第12話 平民嫌いのルーファウス

「そうだが……」

「そうだが……じゃないんだけど!? どんな接点だよ!? 何があったらあんな貴族オブ貴族がお前と親し気に話すんだよ!?」


 興奮気味のアーサー。

 そうか、まあこれが普通の反応か……腐っても公爵家、しかも俺平民だしな。


「入試の時一緒だったんだよ。いろいろ手助けした」

「手助けって……」

「まあ友達だ、別にへりくだる必要ねえぜ?」

「と言ってもなあ……」


 アーサーはチラッとニーナの方を見る。

 ニーナはきょとんとした顔で俺たちの方を見ている。


「俺、失礼なことして殺されねえかな……」

「お前の公爵のイメージどうなってんだよ……と言いたいところだが、実際ありそうだな」

「えぇ!?」

「冗談だよ……。安心しろ、ニーナはそう言うタイプじゃねえ。どうせこれから一緒に学ぶんだ、仲良くなっとけよ」

「……確かに。俺らしくなかったな」


 そう言ってアーサーはくるっと振り返る。


「ニーナ、こいつはアーサー。
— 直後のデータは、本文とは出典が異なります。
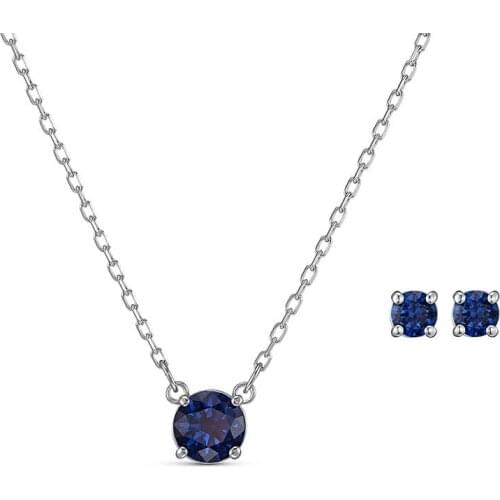 2020 fashion jewelry high quality SWA new elegant elegant dark blue round crystal charm womens Pendant Necklace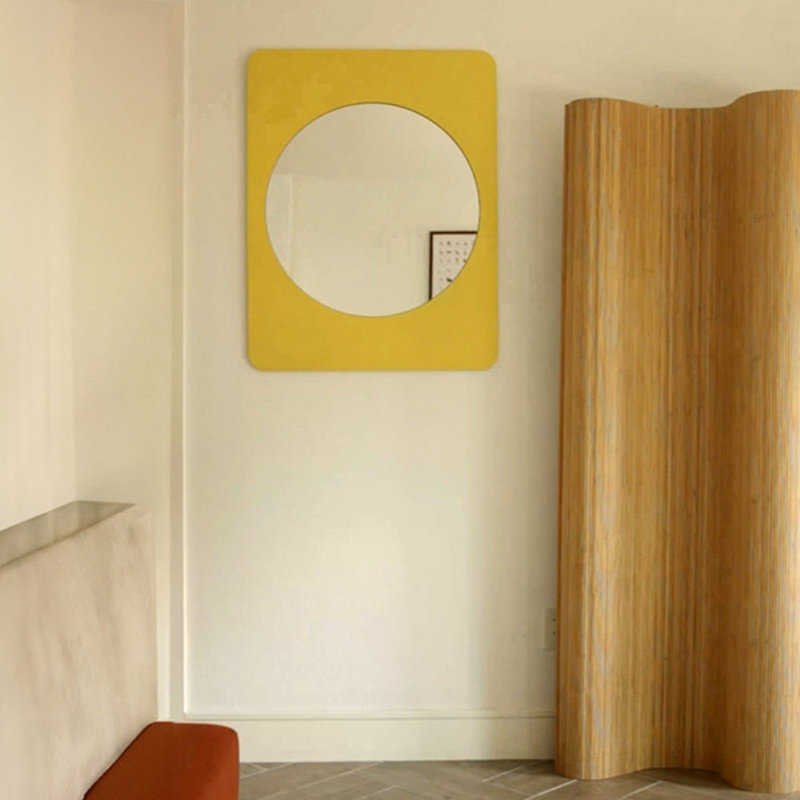 Rectangle Solid Faux leather Mirror, 35.43" H x 27.56" W, Yellow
さっき知り合った」

「お、俺はアーサー・エリオット。ノアの友達ってんなら俺の友達です。よろしくお願い……します!」

「ノア君の……! もちろん、ノア君の友達なら大歓迎だよ。私はニーナ・フォン・レイモンド、よろしくね」

「もちろん存じてますよ! レイモンド家の召喚術は有名ですし、何より公爵家を知らない奴はこの国のモグリですよ!」

「……アーサー、俺は知らなかったぞ。俺はモグリか?」

「あー……すまん、大抵知ってるもんだと……」


 まあ当然か。公爵なんてそんないるもんじゃねえし、貴族・名家となりゃ関わる機会もあるか。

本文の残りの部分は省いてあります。